From its 2008 show “30 Americans,” which focused on black artists in the Rubell Family Collection, the organizers know that grouping artists by race or gender can raise questions. Mera Rubell, who founded the collection with her husband, Donald, and their son, Jason, said: “Is it patronizing? Is it ghettoizing? Does it look opportunistic?” She continued: “We own the work. The artists know we believe in the work.”
The new show, “No Man’s Land,” which runs from Thursday through May 28, will take over the Rubells’ 45,000-square-foot Miami museum with paintings, photographs, sculptures and video.
“All of a sudden those works come alive — a Dana Schutz next to a Barbara Kruger or Rachel Harrison next to Cindy Sherman,” Ms.
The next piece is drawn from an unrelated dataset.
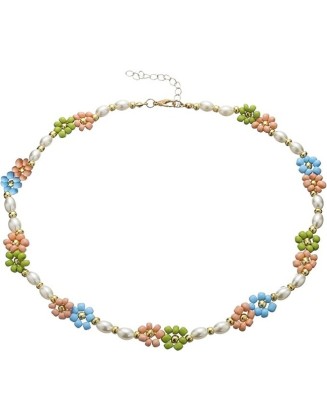 20 Pack Cute Handmade Colorful Faux Pearl Flower Boho Beaded Choker Necklace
Rubell said. “It brings new focus to our collecting.”
On Dec. 3, the artist Jennifer Rubell, the daughter of Mera and Donald, will present a food-based installation. “Using bread, butter and a couple engaged to be married as her media,” a news release says, “Rubell will transform the simple act of cutting and buttering bread into a poetic exploration of repetition as devotion.”
Amid the revelry at Art Basel Miami Beach, expect an undercurrent of teeth gnashing from many locals who worry that this fair has increasingly become a sealed-off bubble, and not simply because only two of its 267 exhibiting galleries are from the Miami area. The time visitors once spent exploring the city’s homegrown cultural nooks and crannies is now occupied by a dizzying array of satellite fairs and V.I.P. events featuring many of the same high-powered dealers already dominating Basel’s conversations.
Fairgoers seeking a taste of true Miami flavor will do well to head across Biscayne Bay to Little Haiti and to the adjoining Little River neighborhood. In or near this new art scene are nine venues hosting “100+ Degrees in the Shade,” a survey of 166 contemporary South Florida artists assembled by the independent curator Jane Hart. The galleries include Design Sublime, Carol Jazzar Contemporary Art and Laundromat Art Space.
“What is important to me is seeing the overwhelming wealth of talent in South Florida and how it is largely unrecognized by the huge segment of the larger art world that comes here every year,” Ms. Hart said.
As with any canon-defining show, it’s easy to nitpick over who’s in and who’s out. Notably missing, for example, are any of the Miami Generation, the nine Cuban-American artists who declared in a seminal 1983 show that something new, and newly Miamian, was being born.
Still, those who are featured bolster Ms. Hart’s argument on behalf of Miami. They include the sculptor Robert Chambers; the filmmaker Dara Friedman; the painters Hernan Bas and Michael Vasquez, whose fortunes soared with Basel’s 2002 arrival; and emerging figures like the filmmaker Clifton Childree, and the sculptors Rafael Domenech and Wendy Wischer.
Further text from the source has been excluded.